Task item » Only the lines containing "Tier" should appear in the answer, copied from the listing below.

————

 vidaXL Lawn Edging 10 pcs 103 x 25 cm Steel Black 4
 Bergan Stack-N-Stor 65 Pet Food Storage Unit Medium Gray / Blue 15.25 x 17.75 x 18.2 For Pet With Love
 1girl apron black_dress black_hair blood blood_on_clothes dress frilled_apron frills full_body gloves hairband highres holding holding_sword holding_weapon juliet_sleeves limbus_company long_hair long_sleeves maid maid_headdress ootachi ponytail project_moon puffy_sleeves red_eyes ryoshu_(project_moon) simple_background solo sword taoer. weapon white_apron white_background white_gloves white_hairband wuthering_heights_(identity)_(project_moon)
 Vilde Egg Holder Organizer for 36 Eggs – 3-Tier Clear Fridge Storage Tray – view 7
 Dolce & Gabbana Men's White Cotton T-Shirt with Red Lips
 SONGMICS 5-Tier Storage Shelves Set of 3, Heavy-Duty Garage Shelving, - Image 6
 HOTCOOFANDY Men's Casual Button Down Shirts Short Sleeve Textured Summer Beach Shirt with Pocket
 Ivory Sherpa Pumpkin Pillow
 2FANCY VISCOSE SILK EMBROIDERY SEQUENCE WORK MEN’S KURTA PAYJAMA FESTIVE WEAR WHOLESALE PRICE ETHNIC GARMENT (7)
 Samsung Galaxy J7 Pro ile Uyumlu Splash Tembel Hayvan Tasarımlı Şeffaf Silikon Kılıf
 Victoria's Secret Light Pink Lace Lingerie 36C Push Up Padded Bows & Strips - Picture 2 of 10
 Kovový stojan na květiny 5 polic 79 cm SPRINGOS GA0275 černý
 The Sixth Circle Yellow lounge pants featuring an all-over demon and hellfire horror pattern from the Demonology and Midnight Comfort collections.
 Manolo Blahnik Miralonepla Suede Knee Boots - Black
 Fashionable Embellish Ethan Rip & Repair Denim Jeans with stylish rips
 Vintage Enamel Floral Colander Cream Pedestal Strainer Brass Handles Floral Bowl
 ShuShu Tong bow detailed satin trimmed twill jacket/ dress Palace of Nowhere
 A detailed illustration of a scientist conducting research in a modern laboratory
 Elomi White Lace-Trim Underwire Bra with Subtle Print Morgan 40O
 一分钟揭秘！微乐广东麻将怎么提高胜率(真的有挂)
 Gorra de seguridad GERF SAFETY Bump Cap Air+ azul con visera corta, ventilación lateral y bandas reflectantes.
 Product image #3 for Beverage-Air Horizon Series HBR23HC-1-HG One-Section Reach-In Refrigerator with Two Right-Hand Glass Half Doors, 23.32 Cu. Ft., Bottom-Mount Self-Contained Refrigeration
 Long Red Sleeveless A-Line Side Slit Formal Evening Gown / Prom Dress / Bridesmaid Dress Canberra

————

Result of this exercise »
 Vilde Egg Holder Organizer for 36 Eggs – 3-Tier Clear Fridge Storage Tray – view 7
 SONGMICS 5-Tier Storage Shelves Set of 3, Heavy-Duty Garage Shelving, - Image 6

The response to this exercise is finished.